» GIVEN RECORDS
-=-=-=-=-

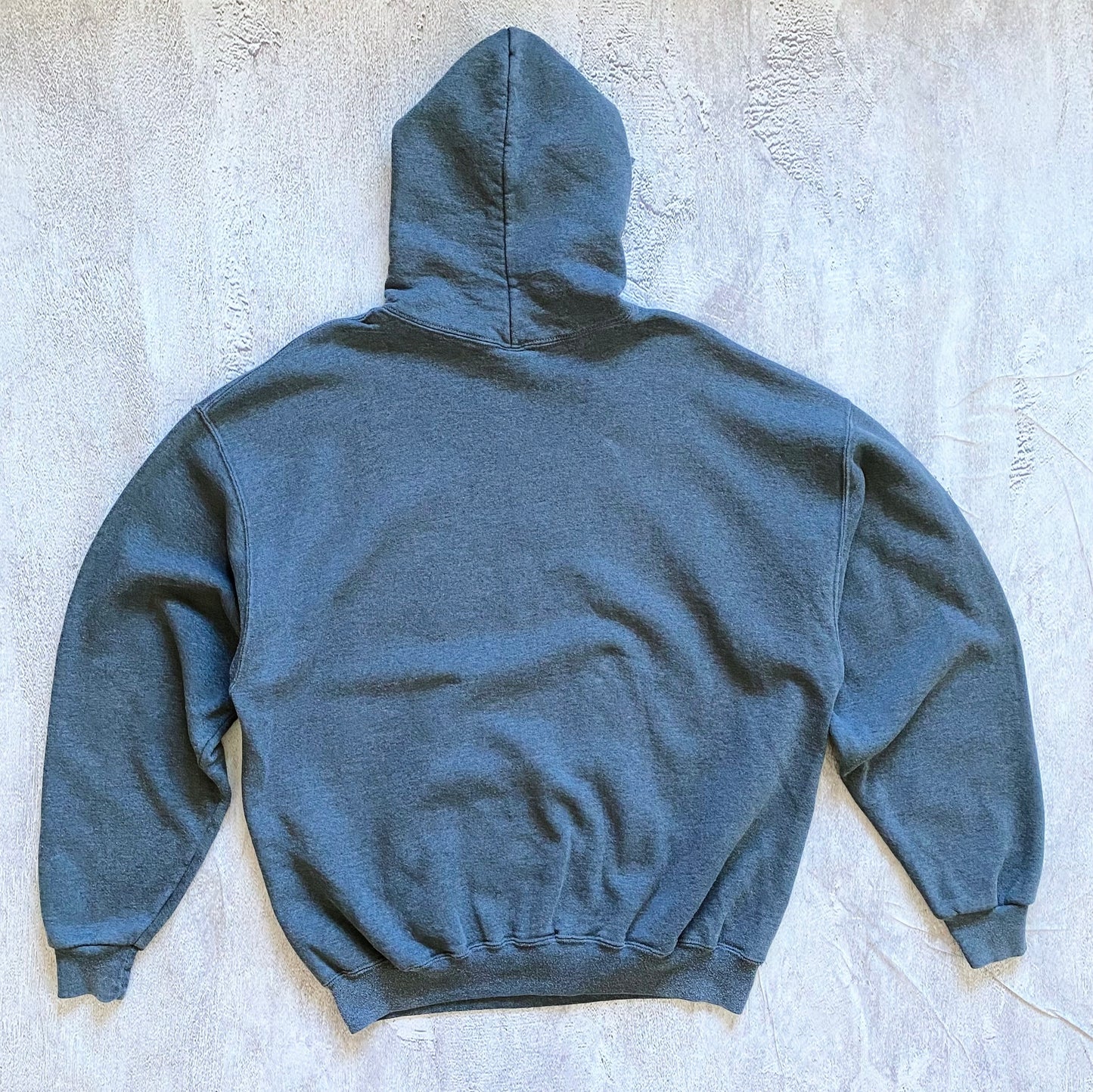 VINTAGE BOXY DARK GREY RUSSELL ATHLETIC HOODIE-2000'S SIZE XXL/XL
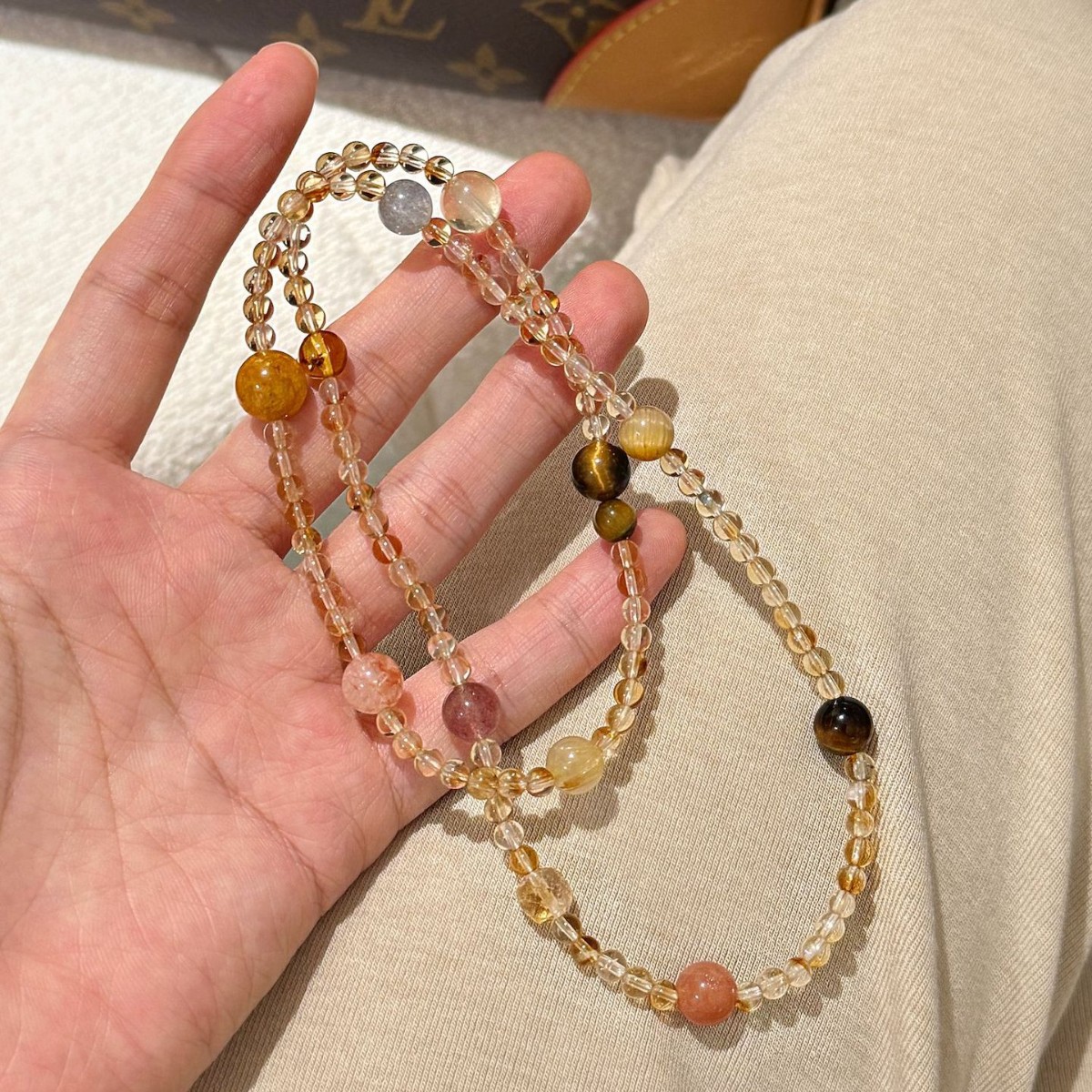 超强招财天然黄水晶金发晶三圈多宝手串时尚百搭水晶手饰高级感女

-=-=-=-=-

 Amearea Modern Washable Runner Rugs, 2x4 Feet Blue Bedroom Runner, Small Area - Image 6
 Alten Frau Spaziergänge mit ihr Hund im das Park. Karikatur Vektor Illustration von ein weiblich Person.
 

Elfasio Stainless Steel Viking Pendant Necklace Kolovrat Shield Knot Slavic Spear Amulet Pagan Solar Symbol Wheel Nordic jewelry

-=-=-=-=-

» WHAT YOU SHOULD DO
Within the material above, the line with "Alten Frau Spaziergänge" opens the range and the line with "Elfasio Stainless Steel" closes it; reproduce that range word for word.

» ANSWER SPACE
 Alten Frau Spaziergänge mit ihr Hund im das Park. Karikatur Vektor Illustration von ein weiblich Person.
 

Elfasio Stainless Steel Viking Pendant Necklace Kolovrat Shield Knot Slavic Spear Amulet Pagan Solar Symbol Wheel Nordic jewelry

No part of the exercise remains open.